Champignons - das kann jeder. Aber Shiitake, Austernpilze oder Limonenseitlinge, selbst gezogen und frisch geerntet, das ist hohe Kunst und großes Kino. Im Mai 2008 beginnen beide mit ihrer Arbeit auf dem Gelände einer ehemaligen kleinen Gärtnerei an der Kisdorfer Straße, direkt an der Zuwegung zum Kleingartengelände. Denn eine Pilzzucht braucht Vorlauf. Sie holen Holzstämme aus dem Duvenstedter Brook, aus dem Tangstedter Forst und lagern sie fünf Wochen, bevor die eigentliche Arbeit beginnt. Die Schnittimpfmethode ist das A und O dieser Pilzzucht: Mit der Kettensäge einen Keil in den Stamm sägen, dann das Pilzsubstrat mit den Händen in die Schnittstelle drücken, mit Folie verschließen und die Stirnseiten der Stämme zum Schutz vor anderem Pilzbefall mit Latexmilch versiegeln.

Ein Jahr bleiben die Stämme in der Miete, damit das Pilzsubstrat den ganzen Stamm besiedeln kann. Ein Teil der Stämme kommt dann in einem beheizten Folientunnel in die Erde, bis die Austernpilze an der Stirnseite herauswachsen. Beim Shiitake müssen sie 24 Stunden ins Wasserbad, bevor sie aufgeschlagen werden, damit nach fünf bis zehn Tagen die Pilze sprießen. Fünf bis sechs Jahre kann so ein Stamm "gemolken" werden. "Am besten ist das Frühjahrsholz", sagt Manfred Johs mit seinem breiten österreichischem Akzent. "In diesem Jahr haben wir 20 Meter Buchenholz gekauft."

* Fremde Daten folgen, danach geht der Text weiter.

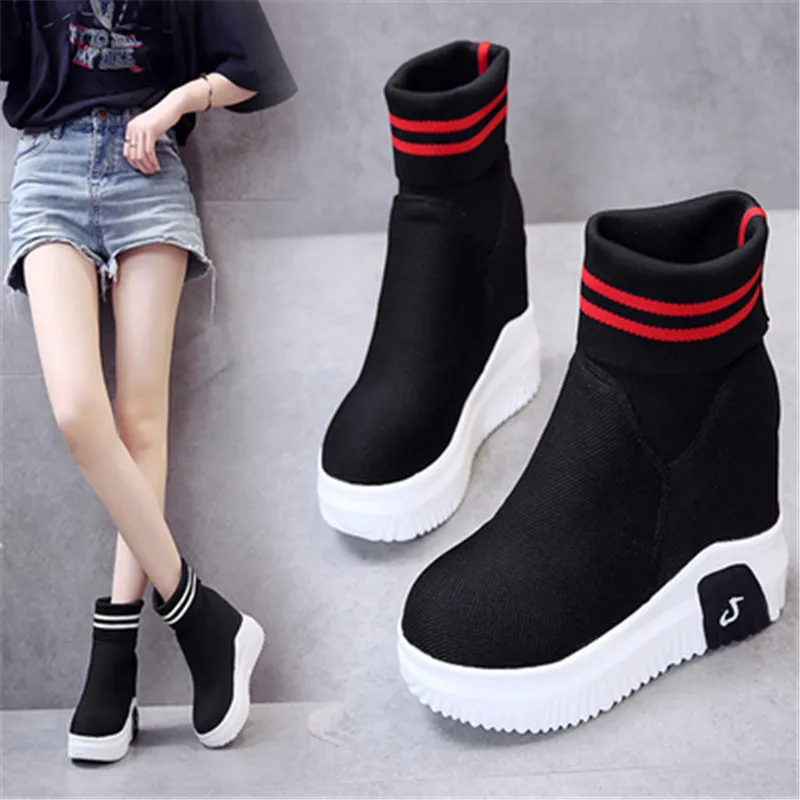 

2020 Autumn New Sock Boots Woman 11 CM Hided Wedge Platform Female Casual Shoes Wedge Lady Knitting Short Platform Ankle Boots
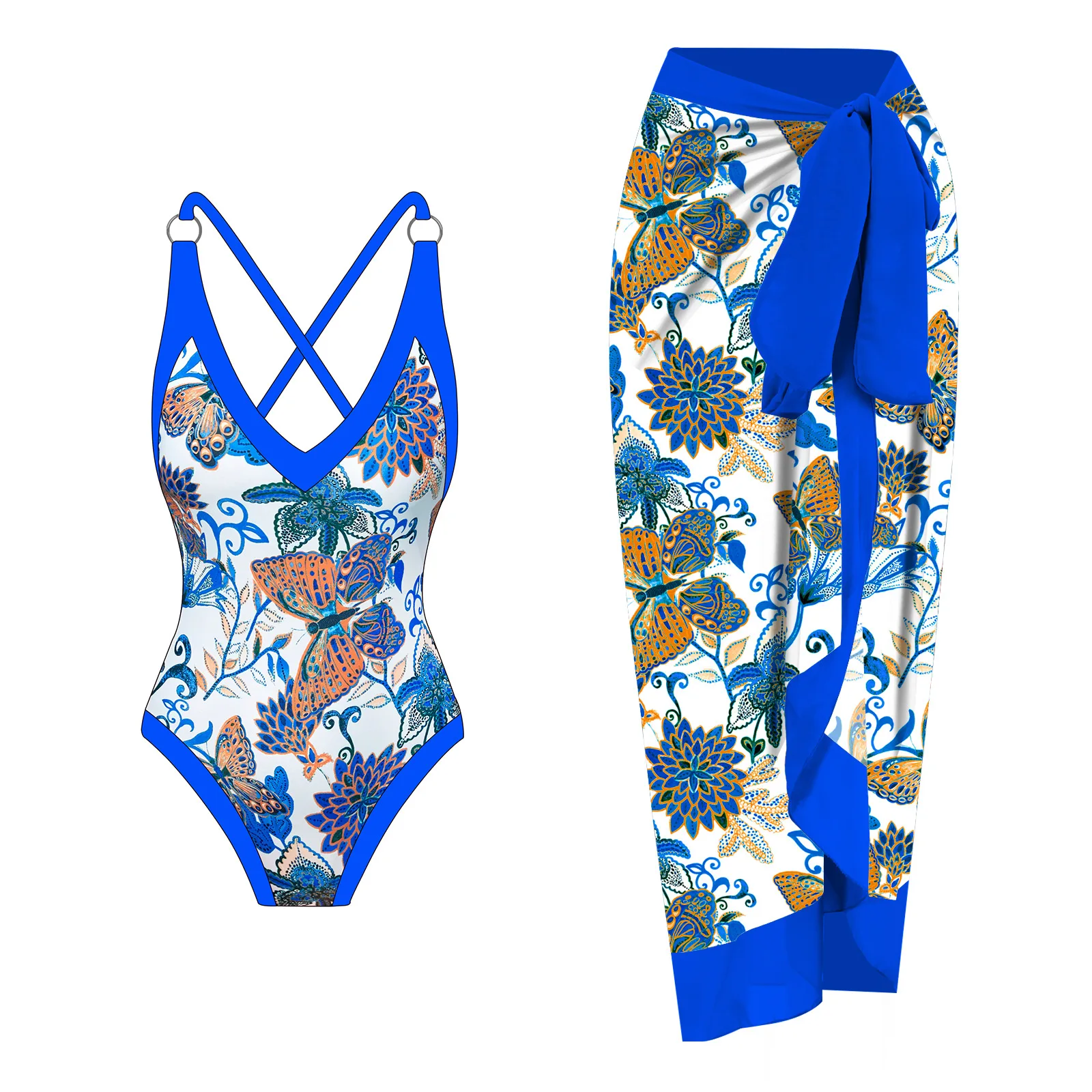 

Новинка 2023, праздничный слитный купальник в стиле ретро, накидка, женская модная купальная одежда, юбка, шифоновый бразильский Монокини, Пляжное Платье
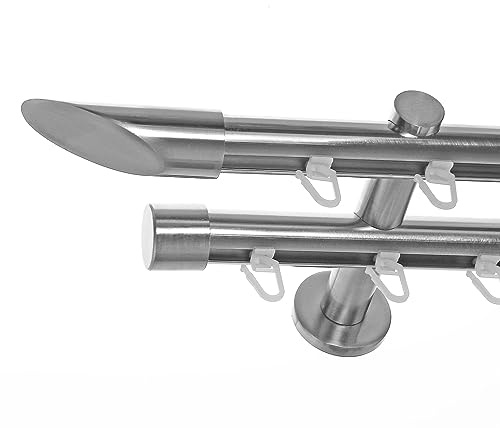 BASIT Gardinenstange Innenlauf Edelstahllook 20mm 2-läufig Wand 320cm H40 | Gardinenstangenset doppelläufig Wandmontage Metall Vorhangstange Wandhalterung 120-600cm wählbar Kappe Schräge E32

Bis jetzt leben Ebba Witt und Manfred Johs noch vom Ersparten, aber das soll, so hoffen sie, anders werden. Wenn erst die ersehnte Bio-Zertifizierung eingetroffen ist, können auch Biohöfe beliefert werden. Aber schon Supermärkte aus der Umgebung haben Interesse gezeigt.

Wer kauft Austernpilze und Shiitake, Limonenseitlinge oder Nameiko, die japanischen Stockschwämmchen? Viele, die nicht nur Champignons mögen. Weil Shiitake auch als immunstärkende Heilpilze gelten, werden sie gerne von Krebspatienten verzehrt. "Von jeder Sorte haben wir pro Tag etwa zwei Kilo vorrätig", sagt Manfred Johs. Das reicht noch nicht, um finanziell über die Runden zu kommen. Aber die beiden Geschäfts- und Lebenspartner erhoffen sich mehr. Und wenn nicht - Manfred Johs besitzt in Wien Haus und Wohnung, hat sich für zehn Jahre beurlauben lassen, kann aber jederzeit wieder zu seiner Behörde zurückkehren. Auch Ebba Witt kann wieder beim Steuerberater anfangen. Aber daran wollen sie jetzt noch nicht denken.